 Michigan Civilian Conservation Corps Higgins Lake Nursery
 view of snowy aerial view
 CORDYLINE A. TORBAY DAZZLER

──────────────────────────────

From top to bottom, repeat the material above word for word.

# TASK SOLUTION
 Michigan Civilian Conservation Corps Higgins Lake Nursery
 view of snowy aerial view
 CORDYLINE A. TORBAY DAZZLER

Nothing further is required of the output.